More than a quarter century ago I was a senior at Brigham Young University, trying to finish up the business and accounting classes I needed for my degree in Business Management. I enjoyed the economics classes the most, where we discussed current events and learned how to read the Wall Street Journal. During my last semester I wrote a thesis about Hong Kong sovereignty returning to Chinese Communist control in 1997, after the 100 year British Lease on the islands expired. While I was in the library one day doing research I asked a library worker for some help in finding micro films and old newspapers with specific articles. After gathering dozens of articles, facts, maps, historical documents, etc I sat back and began to sift through it all. I recalled a bit of advice the worker had given me … “when your stuck, step back and ask yourself, ‘What do I see?'” My conclusion in 1985 was that China would be stupid to threaten the capital markets of Hong Kong in which they hugely benefited, and so through minimal political invasion, would allow many capitalist practices to continue – and they have. That’s what I saw.

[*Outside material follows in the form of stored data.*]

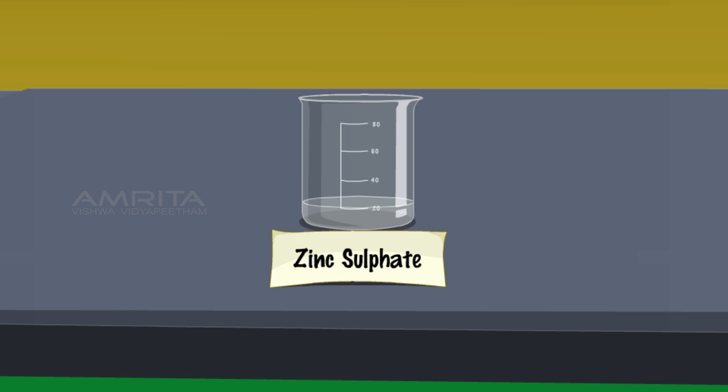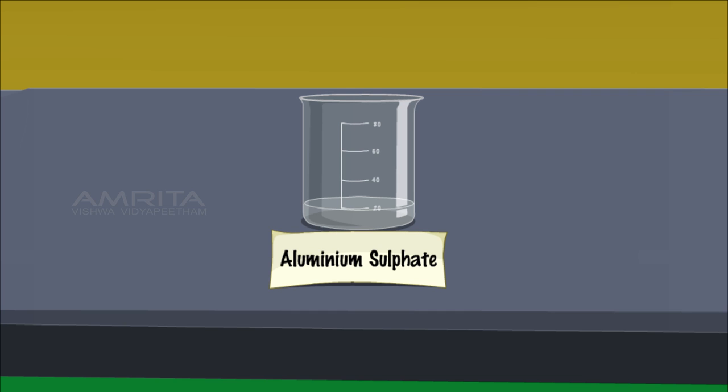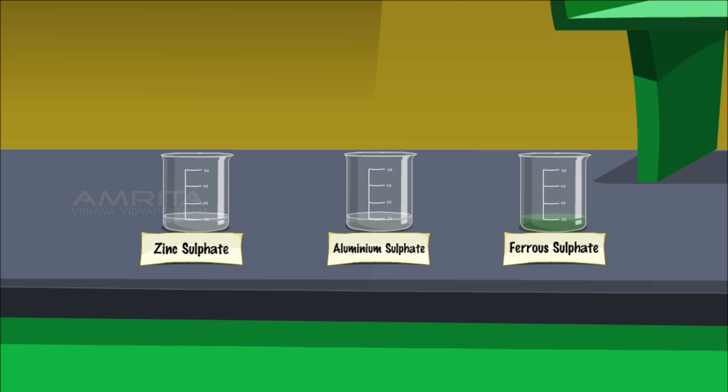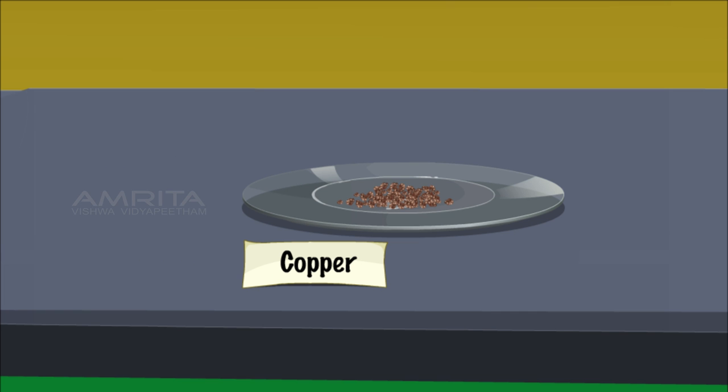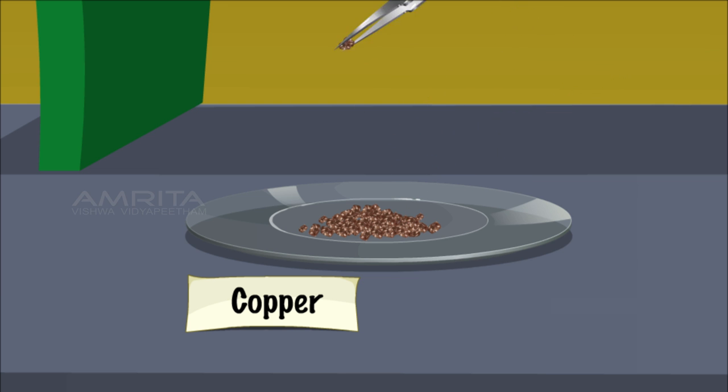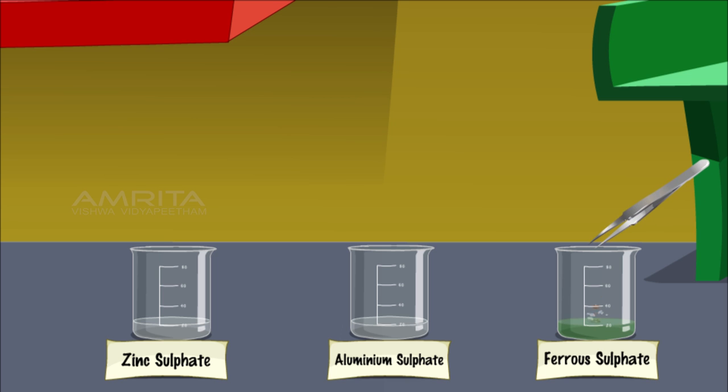Copper. Take about 20 ml of zinc sulphate, aluminium sulphate and ferrous sulphate solutions in three different beakers, and some copper metal pieces in a watch glass. Using a forceps, add two pieces of copper into the beakers containing ferrous sulphate, aluminium sulphate and zinc sulphate solutions.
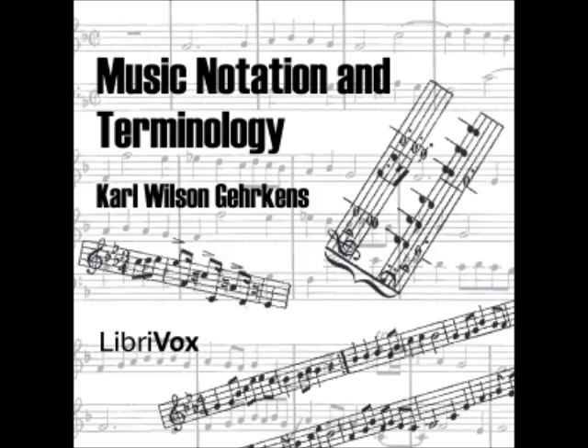Section 49: A dot after a note shows that the value of the note is to be half again as great as it would be without the dot, i.e., the value is to be three halves that of the original note. Section 50: When two dots follow the note, the second dot adds half as much as the first dot has added, i.e., the entire value is seven-fourths that of the original note. Section 51: When three dots follow the note, the third dot adds one-half the value added by the second, i.e., the entire value of the triple-dotted note is 15-eighths that of the original note.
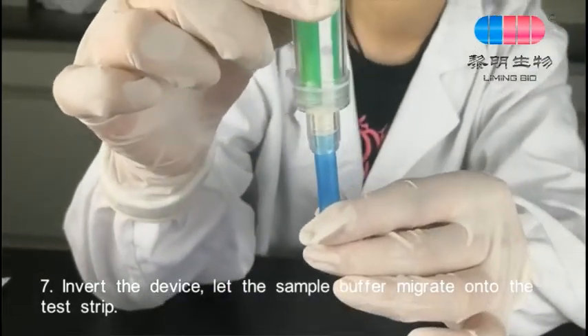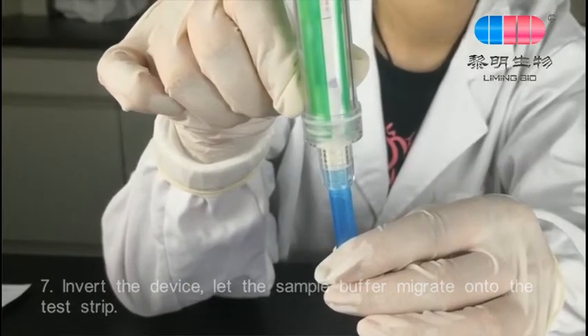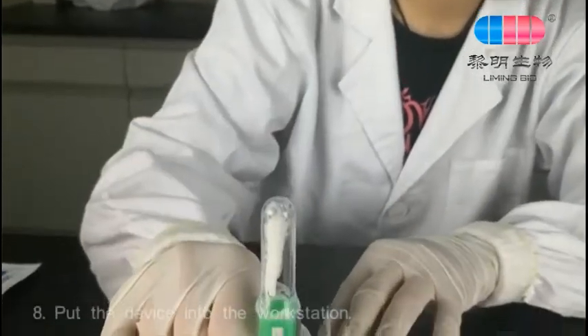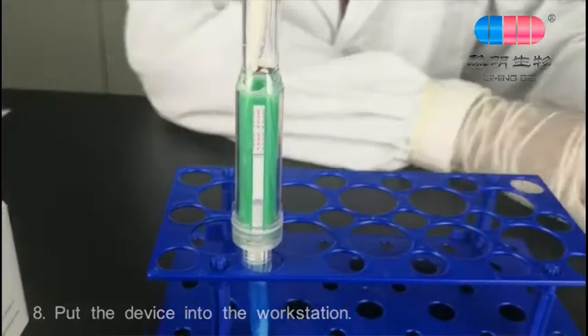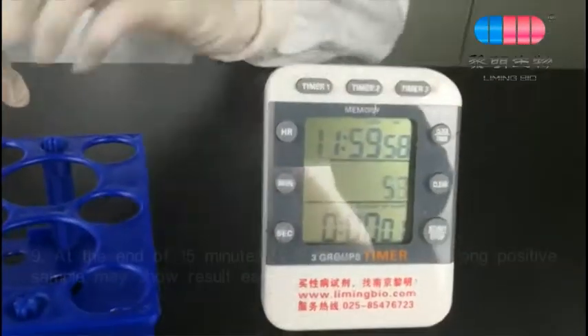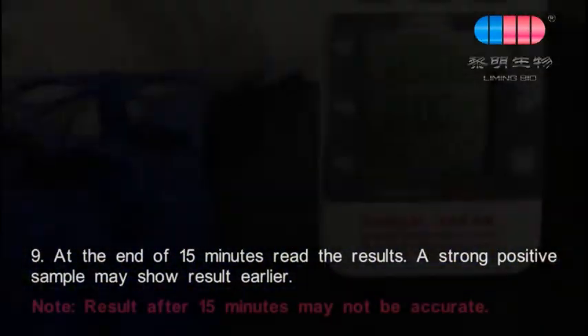Invert the device and let the sample buffer migrate onto the test strip. Put the device into the workstation. At the end of 15 minutes, read the results.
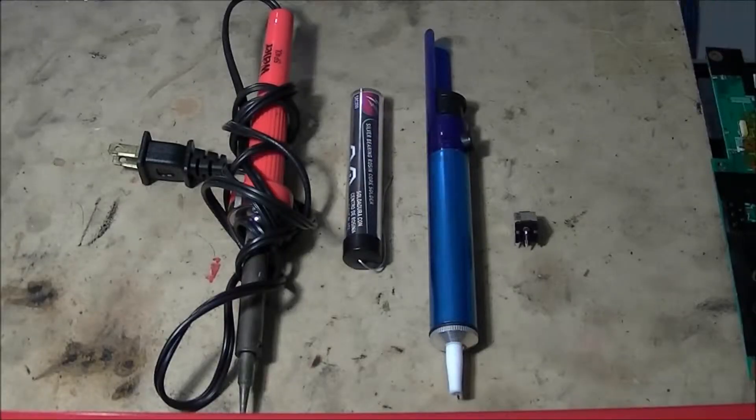Hey guys, today I'm going to show you how to repair a DC jack in a laptop. Say you plug your power supply into your laptop and you're not charging anymore, your lights aren't coming on in the front, or you're getting hot or you smell something burning — this video is going to show you how to replace it.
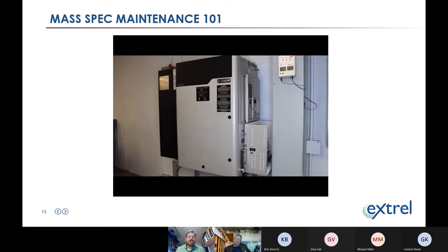Now for the maintenance crash course. To work on the analyzer, we need to get inside it. The front panel of the analyzer is a door with five locks that can be disengaged with a screwdriver. Inside, you'll see all the components of the mass spec, including the silver vacuum chamber tube in the middle and the roughing pump that pumps out that vacuum chamber.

In the world of photography we sometimes have to step back and ask ourselves the same question – “what do I see?” Of course, this is a rhetorical question, since no answer would be correct for any two people. Each of us sees differently, and what we see makes us feel differently. There are times when we see the obvious, without ever seeing the intricate layers below the obvious.
When I first began submitting images into the online photo behemoth called I-Stockphoto there is a point at which you keyword your images. At first I had difficulty coming up with a reasonable number of keywords. I read their little helpful blurb on key wording and I saw that phrase again – “What Do You See?” I sat back in my office chair and gazed at my submitted photo and thought about those words. I wish I could recall the first set of images (I could go research them up by date, but I don’t want too) – so lets pretend it is one of my favorites on I-Stockphoto, and a best selling image. Here it is:
As I was walking along the path leading down the hill from the Bachelor and 3 Graces sequoias back towards the parking lot I stopped in my tracks when I saw this. It was an obvious shot – the powerful red bark glowing in the filtered morning light, other similar trees in the background. I shot about ten variations of this image, all in five shot brackets to guarantee a close to perfect exposure of each set-up. Then I moved on.
A few months later I had already sold this image as fine art four times (one a 30×40 print that really stuns the viewer) and was key wording it in I-Stockphoto (ISP). The list of descriptive phrases that help buyers search for “the” image were slow in coming. Forest, Sequoia trees, Yosemite, California – those were all easy enough. Pine trees, Landscape Photography, Flora, Mountains – slowed me down some. Then those words sounded in my head again – what do I see?
Ancient, Grove, Timeless, Stately, Old, Bark, Primordial, Ageless, Timber, Wood, Shelter, Animal Homes, Wilderness, Woodlands, and Monument. My clumsy mental blinders seemed to be lifted and I was having a creative key wording renaissance. Now, some of those terms would be rejected by ISP, but you see my point. The obvious beauty of the shot, with its foreground ring of baby pines leading the eye up to rising red-barked Sequoias that are layered back in the image, was really a scene of subjects and ideas in depth.
That’s how I try to see now. Nature photography is eye candy for the soul of both the photographer and the image viewer. Using some of the simple compositional techniques that are common in photography, like: rule-of-thirds, foreground elements, color, patterns, depth, disappearing lines, etc force us to look harder, and deeper, as we walk the forest floor hunting for images. Others don’t see what I see, some are better at it, and some are less practiced – but photography gives us a place to start. This journey can all begin with the phrase, “What Do I See?”